A poem about the women waiting outside Stalin's prison in Leningrad. We sang it last night at the Opera House, to music composed by Moya Henderson.
It's the horror of oppression without the hope of resurrection.
Once more the day of remembrance draws near.
I see, I hear, I feel you:
The one they almost had to drag at the end,
And the one who tramps her native land no more,
And the one who, tossing her beautiful head,
Said, “Coming here’s like coming home.”
I’d like to name them all by name,
But the list has been confiscated and is nowhere to
I have woven a wide mantle for them
From their meager, overheard words.
I will remember them always and everywhere,
I will never forget them no matter what comes.

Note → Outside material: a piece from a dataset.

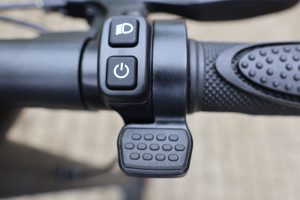 VMAX VX2 Extreme Elektro-Scooter Rechte Bedienung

And if they gag my exhausted mouth
Through which a hundred million scream,
Then may the people remember me
On the eve of my remembrance day.
And if ever in this country
They decide to erect a monument to me,
I consent to that honor
Under these conditions— that it stand
Neither by the sea, where I was born:
My last tie with the sea is broken,
Nor in the tsar’s garden near the cherished pine stump,
Where an inconsolable shade looks for me,
But here, where I stood for three hundred hours,
And where they never unbolted the doors for me.
This, lest in blissful death
I forget the rumbling of the Black Marias,
Forget how that detested door slammed shut
And an old woman howled like a wounded animal.
And may the melting snow stream like tears
From my motionless lids of bronze,
And a prison dove coo in the distance,
And the ships of the Neva sail calmly on.